Proposed Effective Date

    The amendments contained in this notice are proposed to be 
effective for returns the due date of which (determined without regard 
to extensions) is after the date on which final regulations are 
published in the Federal Register.

Special Analyses

    It has been determined that this notice of proposed rulemaking is 
not a significant regulatory action as defined in EO 12866. Therefore, 
a regulatory assessment is not required. It has also been determined 
that section 553(b) of the Administrative Procedure Act (5 U.S.C. 
chapter 5) and the Regulatory Flexibility Act (5 U.S.C. chapter 6) do 
not apply to these regulations, and therefore, a Regulatory Flexibility 
Analysis is not required. Pursuant to section 7805(f) of the Internal 
Revenue Code, this notice of proposed rulemaking will be submitted to 
the Chief Counsel for Advocacy of the Small Business Administration for 
comment on its impact on small business.

Comments and Public Hearing

    Before the adoption of these proposed regulations, consideration 
will be given to any written comments that are submitted timely (a 
signed original and eight (8) copies) to the IRS. All comments will be 
available for public inspection and copying in their entirety.
    A public hearing will be held on April 28, 1995, in the IRS 
Auditorium, Internal Revenue Building, 1111 Constitution Avenue, NW, 
Washington, DC. Because of access restrictions, visitors will not be 
admitted beyond the building lobby more than 15 minutes before the 
hearing starts.
    The rules of 26 CFR 601.601(a)(3) apply to the hearing.
    Persons who wish to present oral comments at the hearing must 
submit written comments, an outline of the topics to be discussed, and 
the time to be devoted to each topic by April 7, 1995.
    A period of 10 minutes will be allotted to each person for making 
comments.
    An agenda showing the scheduling of the speakers will be prepared 
after the deadline for receiving outlines has passed.
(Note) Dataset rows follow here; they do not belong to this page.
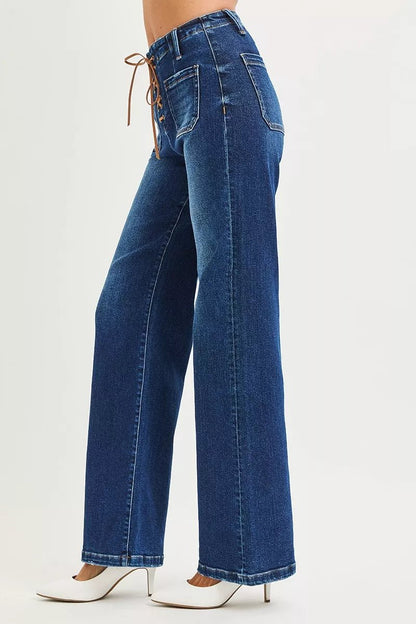 RISEN Full Size High Rise Wide Leg Jeans with Front Tie Detail Plus Size - Rochelle's House LLC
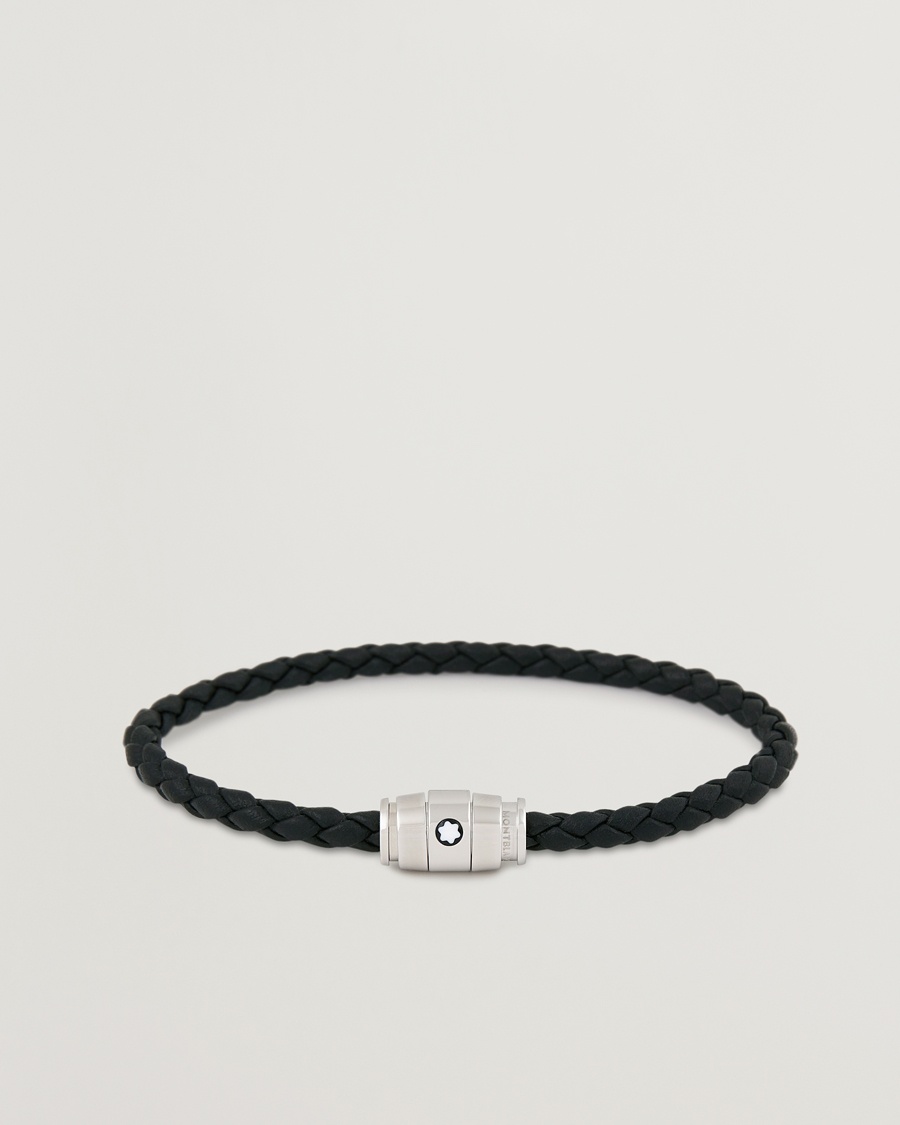 Montblanc Bracelet Steel 3 Rings Leather Black – Nero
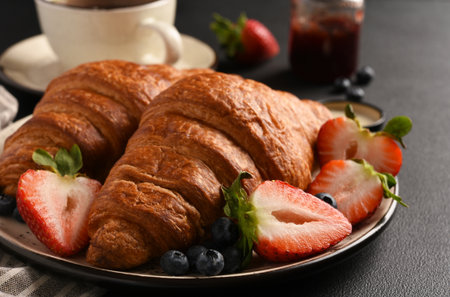 Fresh croissants with strawberries and blueberries and a cup of coffee on a dark backgroundの写真素材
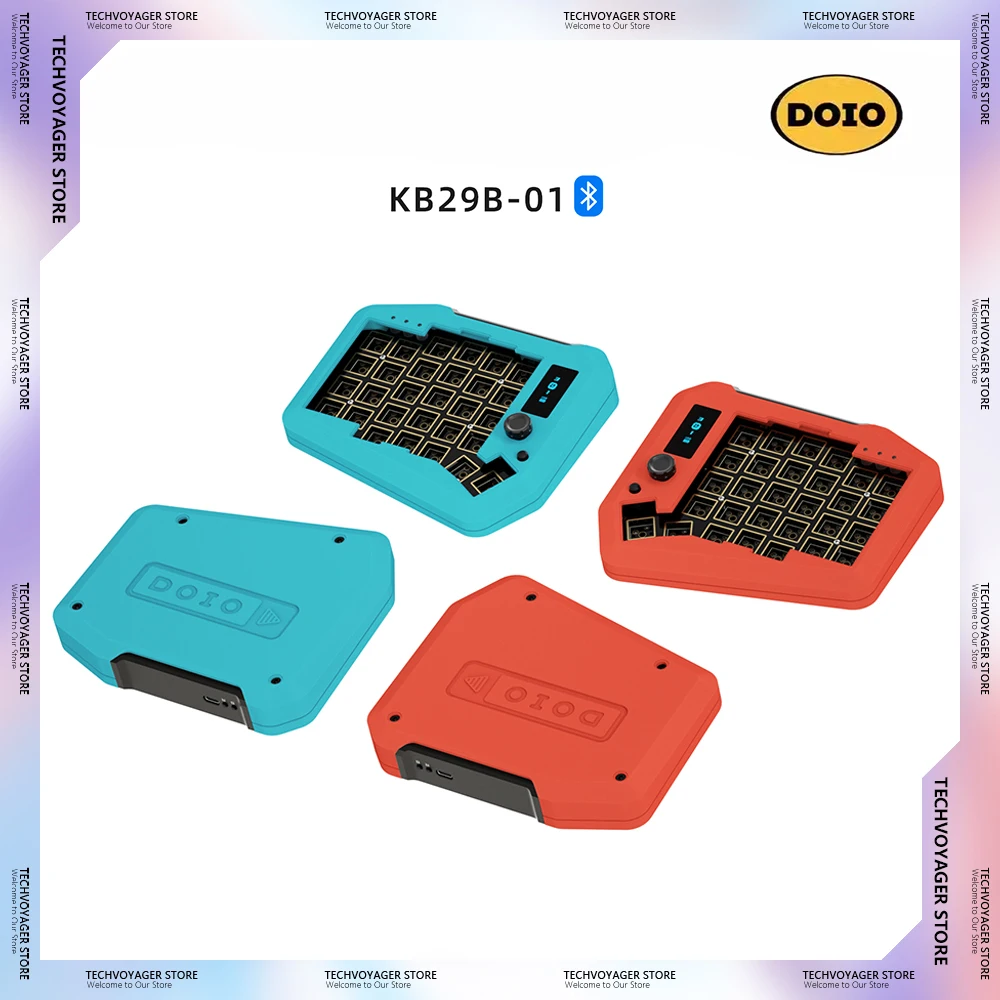 DOIO KB29B-01 좌우 분할 기계식 키보드 키트, 인체공학적 알루미늄 합금, 블루투스 듀얼 모드, 맞춤형 게임 액세서리 키트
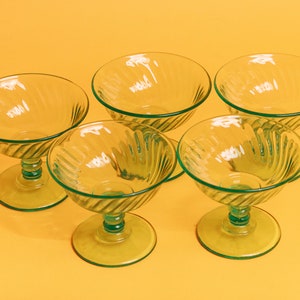 Set of 5 60s Teal Green Clear Glass Cups Vintage Cocktail Glasses Ice Cream Cups image 5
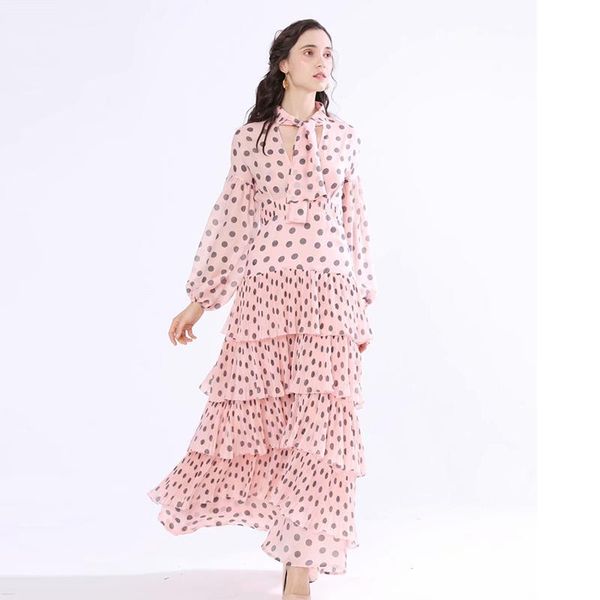 est fashion 2021 runway maxi dress women's long sleeve dot print cascading ruffle casual dresses, Black;gray
est fashion 2021 runway maxi dress women's long sleeve dot print cascading ruffle casual dresses, Black;gray
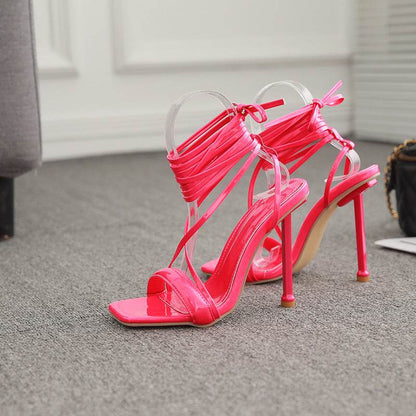 Fashion Tie Stiletto Sandals - Vibrant Catwalk Pumps for Bold Style - Buy Center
Copies of the 
agenda will be available free of charge at the hearing.

Drafting Information

    The principal author of these proposed regulations is David L. 
Meyer, Office of Assistant Chief Counsel, Income Tax and Accounting, 
IRS. However, other personnel from the IRS and Treasury Department 
participated in their development.

List of Subjects in 26 CFR Part 1

    Income taxes, Reporting and recordkeeping requirements.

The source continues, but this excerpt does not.